Today’s Gospel ends with a comment by Jesus about welcoming little children in his name. Rather oddly, this doesn’t seem to fit its context very well. I wonder if you have ever noticed how the episode with children in the next Chapter also ends with a comment that is somewhat awkwardly placed; yet if we were to swap them, they would both fit perfectly?! In Mark Chapter 10, the disciples try to prevent children from coming to Jesus. Jesus responds by insisting: Anyone, who does not welcome the Kingdom of God like a little child will never enter it (10:15). That would follow on seamlessly from the comment from today’s Gospel passage about being the servant of all, because in Aramaic, and Greek, and plenty of other languages, the same word for servant or slave is used also for child. You have to make yourself, as it were, the lowest of all: and if you fail in that, you cannot enter the Kingdom.

 

Try now putting the saying with which today’s Gospel ends onto the episode of the disciples chasing children away from Jesus, and see how well it fits!
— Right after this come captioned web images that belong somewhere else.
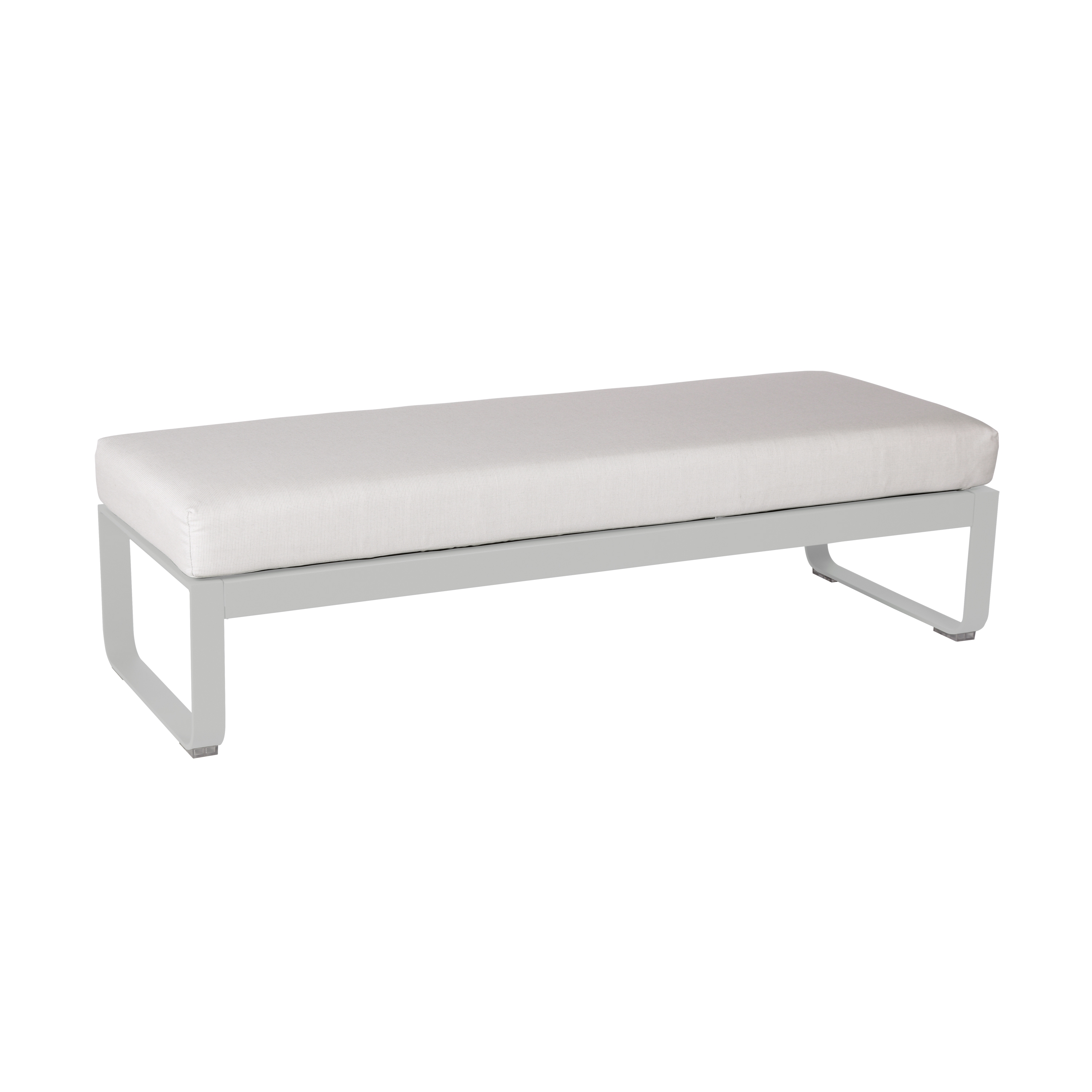 Bellevie | Lounge 2-Seater Ottoman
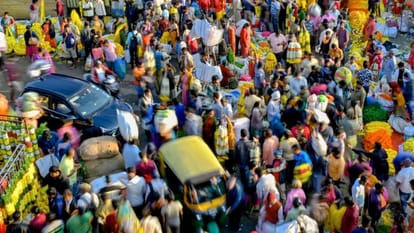 जनसंख्या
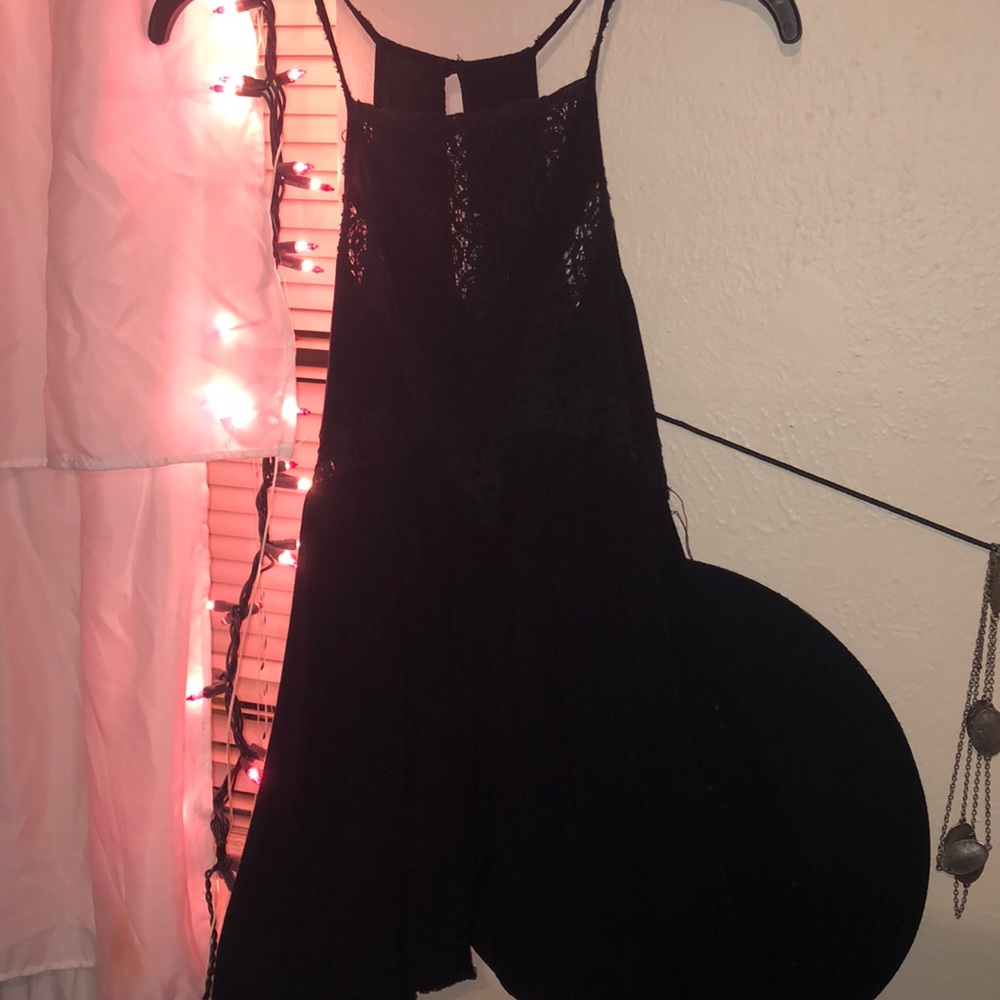 Tank blouse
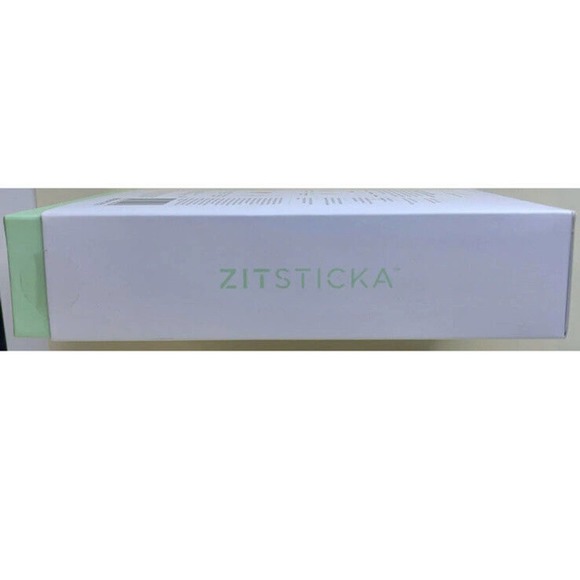 Zitsticka Press Refresh Hydrogel Exfoliating Sheet Mask 5 x 1.05 oz Exp 05/2023 - Picture 6 of 8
Anyone who welcomes one of these little ones in my name, welcomes me. And anyone who welcomes me, welcomes the one who sent me.

 

We could be forgiven for thinking at this point that we have jumped from the Gospel of Mark to the Gospel of John. Jesus who is one with his Father has been sent to us by his Father.  To be allowed to welcome him then must be an inconceivably great blessing. We do that of course in the Holy Eucharist, which is why we are here now; and we do indeed welcome in the Blessed Sacrament with love and joy and gratitude without end. But it would seem that a marvellous opportunity is to be given us soon to welcome Jesus in another and very concrete way. If we are able to give a home, or at least help to give a home to a family of refugees, to people who are powerless, who have nothing, who are innocent of any crime, and who turn to us for help, then we stand to receive ourselves a very great blessing. In them, if it is given us to receive them, we can welcome Jesus himself; and in Jesus, we welcome into our lives and our hearts God who is the Father of all mercies (2 Cor 1:3).